The New Year is a time when people make the resolution to eat healthier, and adding herbs to your diet will help you accomplish that goal. Researchers are continuing to find that herbs provide a multitude of health benefits and the flavor they add to foods can help you cutback on using too much salt.
Both freshly-picked and dried herbs have health benefits and during the cool weather months, thyme, rosemary, oregano, sage and parsley thrive in gardens. These herbs also can grow in containers outdoors or inside on a sunny warm window sill.
Since dried herbs are more concentrated than fresh, if a recipe calls for 1 teaspoon of a dry herb, replace it with 1 tablespoon of the fresh version (three times the amount of a fresh to dry and 1 tablespoon = 3 teaspoons). When adding fresh herbs to your recipes, it is best to incorporate them into the final cooking phase, but dry herbs should be added early on in the cooking process.
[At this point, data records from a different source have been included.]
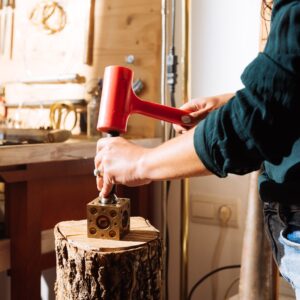A goldsmith using a ball punch for dapping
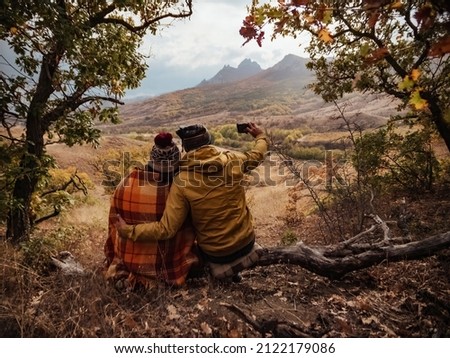 A man and a woman are resting in the mountains at a halt in the fall. The man takes a photo on the phone. View from the back.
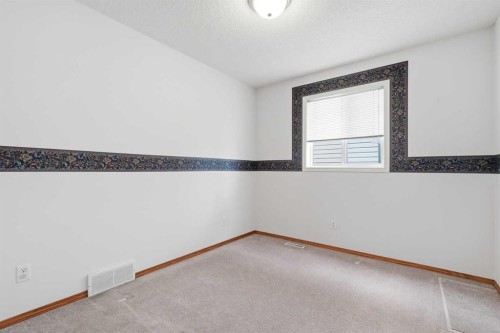 111 Coverton Close Ne, Calgary, AB - Indoor Photo Showing Other Room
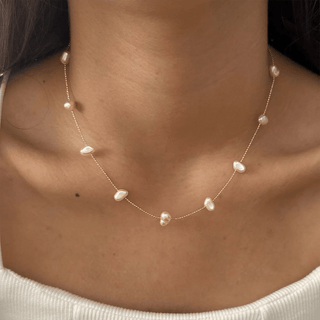 Pearl necklace on a person's neck with a neutral background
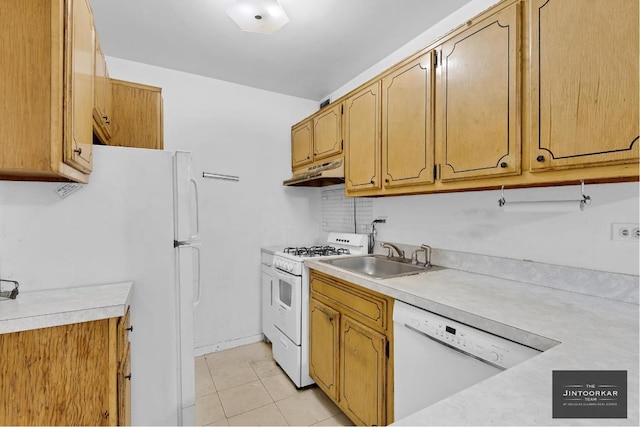 kitchen featuring sink, light tile patterned floors, and white appliances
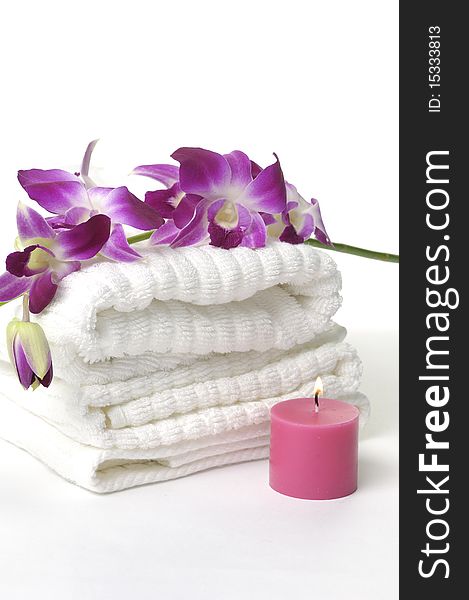 A beautiful orchid, towel and candles. A beautiful orchid, towel and candles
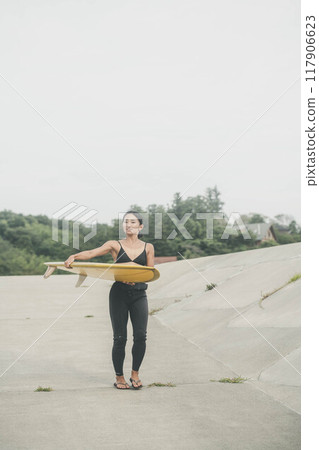 拿著衝浪板沿著海灘散步的年輕女子 117906623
While using herbs in cooking only provides a small portion of what many supplements tout as being beneficial, regularly using herbs in your food allows your body to derive benefits from them over time.
Thyme: The essential oils of thyme have been used to prevent food contamination due to its strong antibacterial properties. Thyme is also good for your brain, skin and cartilage growth. Adding thyme to chicken soup is said to help with sore throats, so remember to throw in a few springs of this beneficial herb in chicken soup to help you through the flu season.
Oregano: Said to be one of the most "healthy" herbs, 1 tablespoon of oregano has more cancer fighting antioxidants than an apple and 2 times more than a serving of blueberries. Both fresh and dry versions of this herb provide vitamins and minerals, as well health benefits that include; detoxifying the body, boosting the immune system and improving bone health. Sprinkling oregano on meat before you place it on the barbeque will help reduce carcinogenic compounds that are created when meats are grilled.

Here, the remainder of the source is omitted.